High Impact, Urgent:
Data Collection: Ensuring data that is being pulled into ML is coming from a reliable source. This would need to be confirmed against other data sources for confirmation.
Model Optimization: It will be important to train the model quickly so that it can analyze and produce results based on an informed ML.
High Impact, Not-Urgent:
Transparency of ML and Data Collection: Letting users know how the data is being pulled, from where and how it's processed, adds legitimacy to the product. It will be important not to share too much so as to risk unique selling features.
Low Impact, Urgent:
N/A
Low Impact, Not Urgent:
N/A
Compare essential aspects of requirements The Deon Checklist.
Data Security: Ensuring user personal information is safe, secure and doesn't include any information like street address or location - especially since this information is not relevant to the product purpose.
Right to be forgotten: Ability to remove users from the database - should they wish.
Data Retention Plan: While historical player data may be important, keeping user information year over year may not be. Users who do not sign up within 3 "seasons" would have their profiles deleted.
Dataset Bias: ML needs to be constantly retrained so as not to favor one consistent outcome i.e. over favoring a player metric that seems to overrule others unfairly.
How will you resolve any potential issues from the comparison above?
Ideally taking a preventative approach versus a reactive/resolve approach.
As we build out the PRD, we would include a section on Ethics linking to the DEON checklist and ask the question, "Could this be used to hurt someone? If yes, how and how can it be prevented or governed to mitigate this from happening?"
In the case an issue does become apparent, we would roll back the product or feature and iterate accordingly to resolve the issue (if possible) before deploying again. If the issue is severe, the feature or product may need to be sunsetted and not deployed again.
Conclusion:
An AI PRD ensures all stakeholders share a common understanding of what is being built, why it is being built, and how success will be measured.

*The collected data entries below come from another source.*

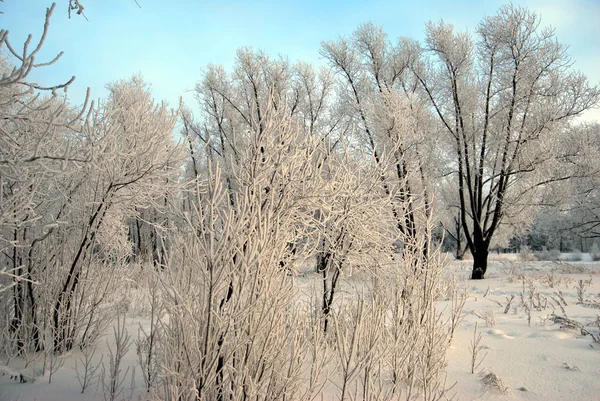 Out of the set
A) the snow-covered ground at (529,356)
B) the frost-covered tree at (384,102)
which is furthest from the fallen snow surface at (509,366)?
the frost-covered tree at (384,102)

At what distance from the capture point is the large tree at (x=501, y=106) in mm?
11469

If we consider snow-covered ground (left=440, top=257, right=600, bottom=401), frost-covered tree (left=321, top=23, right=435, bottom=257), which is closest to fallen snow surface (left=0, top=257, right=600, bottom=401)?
snow-covered ground (left=440, top=257, right=600, bottom=401)

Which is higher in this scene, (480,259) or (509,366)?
(480,259)

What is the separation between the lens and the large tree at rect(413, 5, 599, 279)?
11469mm

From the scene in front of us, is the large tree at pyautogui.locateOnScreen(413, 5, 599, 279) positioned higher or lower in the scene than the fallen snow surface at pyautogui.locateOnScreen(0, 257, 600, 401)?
higher

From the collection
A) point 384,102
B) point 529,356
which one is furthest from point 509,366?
point 384,102

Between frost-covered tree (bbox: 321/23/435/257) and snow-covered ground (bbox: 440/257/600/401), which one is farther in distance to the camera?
frost-covered tree (bbox: 321/23/435/257)

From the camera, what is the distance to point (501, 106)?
12.5 meters

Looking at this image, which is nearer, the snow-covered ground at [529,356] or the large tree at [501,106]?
the snow-covered ground at [529,356]

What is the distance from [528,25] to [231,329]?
1368 centimetres

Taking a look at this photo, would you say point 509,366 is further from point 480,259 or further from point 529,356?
point 480,259

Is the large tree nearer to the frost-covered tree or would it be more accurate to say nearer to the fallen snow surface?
→ the frost-covered tree

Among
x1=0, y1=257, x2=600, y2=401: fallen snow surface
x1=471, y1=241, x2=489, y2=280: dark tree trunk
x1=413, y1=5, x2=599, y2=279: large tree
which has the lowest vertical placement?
x1=0, y1=257, x2=600, y2=401: fallen snow surface

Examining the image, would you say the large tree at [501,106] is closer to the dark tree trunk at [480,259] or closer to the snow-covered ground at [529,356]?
the dark tree trunk at [480,259] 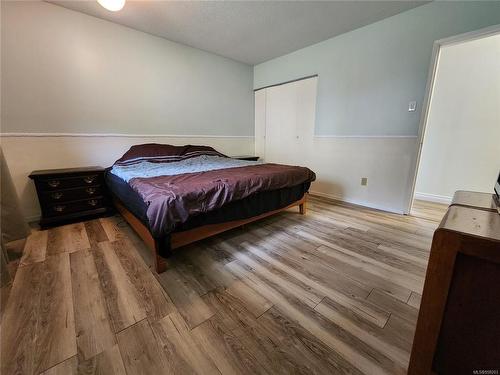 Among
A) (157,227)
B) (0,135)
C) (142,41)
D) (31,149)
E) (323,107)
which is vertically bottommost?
(157,227)

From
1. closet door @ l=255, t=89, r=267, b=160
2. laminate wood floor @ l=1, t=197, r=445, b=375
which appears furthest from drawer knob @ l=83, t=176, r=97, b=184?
closet door @ l=255, t=89, r=267, b=160

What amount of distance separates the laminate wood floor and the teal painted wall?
1582 millimetres

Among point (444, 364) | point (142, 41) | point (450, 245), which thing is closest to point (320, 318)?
point (444, 364)

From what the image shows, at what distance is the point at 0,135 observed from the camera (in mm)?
2123

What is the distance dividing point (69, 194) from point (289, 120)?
3.39 meters

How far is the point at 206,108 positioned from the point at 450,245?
370cm

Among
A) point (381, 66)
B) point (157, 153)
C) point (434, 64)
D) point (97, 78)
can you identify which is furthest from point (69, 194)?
point (434, 64)

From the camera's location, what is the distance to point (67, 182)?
223 cm

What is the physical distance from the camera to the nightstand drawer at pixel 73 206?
85.6 inches

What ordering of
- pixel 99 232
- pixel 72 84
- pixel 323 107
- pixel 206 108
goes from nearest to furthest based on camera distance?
pixel 99 232 < pixel 72 84 < pixel 323 107 < pixel 206 108

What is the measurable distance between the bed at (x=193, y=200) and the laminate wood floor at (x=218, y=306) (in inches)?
9.1

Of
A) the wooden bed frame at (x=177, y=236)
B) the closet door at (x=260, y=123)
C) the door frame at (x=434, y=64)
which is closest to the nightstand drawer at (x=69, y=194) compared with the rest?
the wooden bed frame at (x=177, y=236)

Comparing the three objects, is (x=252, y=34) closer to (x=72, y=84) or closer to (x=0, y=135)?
(x=72, y=84)

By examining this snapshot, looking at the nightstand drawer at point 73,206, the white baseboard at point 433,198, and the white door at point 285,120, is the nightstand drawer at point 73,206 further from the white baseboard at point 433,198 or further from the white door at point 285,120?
the white baseboard at point 433,198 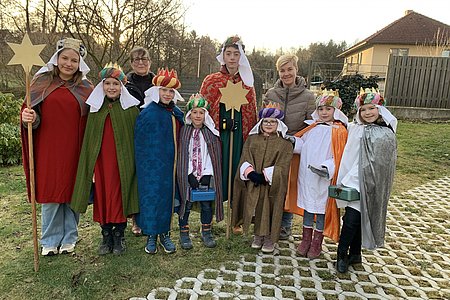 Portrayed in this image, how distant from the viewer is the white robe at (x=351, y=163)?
11.2 ft

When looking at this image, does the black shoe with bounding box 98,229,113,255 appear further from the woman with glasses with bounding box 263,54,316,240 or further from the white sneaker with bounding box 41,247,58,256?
the woman with glasses with bounding box 263,54,316,240

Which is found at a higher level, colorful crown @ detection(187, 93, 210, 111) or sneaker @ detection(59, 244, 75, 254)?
colorful crown @ detection(187, 93, 210, 111)

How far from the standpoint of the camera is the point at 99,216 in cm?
363

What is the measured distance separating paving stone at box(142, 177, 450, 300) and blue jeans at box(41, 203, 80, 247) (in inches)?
48.8

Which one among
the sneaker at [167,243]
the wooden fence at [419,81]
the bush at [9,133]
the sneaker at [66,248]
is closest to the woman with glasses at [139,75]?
the sneaker at [167,243]

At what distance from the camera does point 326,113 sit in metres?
3.70

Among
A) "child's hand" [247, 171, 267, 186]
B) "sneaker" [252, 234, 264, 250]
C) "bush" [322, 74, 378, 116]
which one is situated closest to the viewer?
"child's hand" [247, 171, 267, 186]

Key stakeholders typically include business sponsors and leadership teams for strategic alignment, product managers for vision and prioritization, UX designers for experience design, data scientists and AI/ML engineers for model development, software engineers for implementation, legal and compliance teams for governance and risk management, and security teams to ensure responsible handling of data.
By creating a well-defined AI strategy and PRD, product managers can bridge the gap between emerging AI technologies and practical business outcomes, ensuring AI solutions are both valuable to users and feasible to deliver.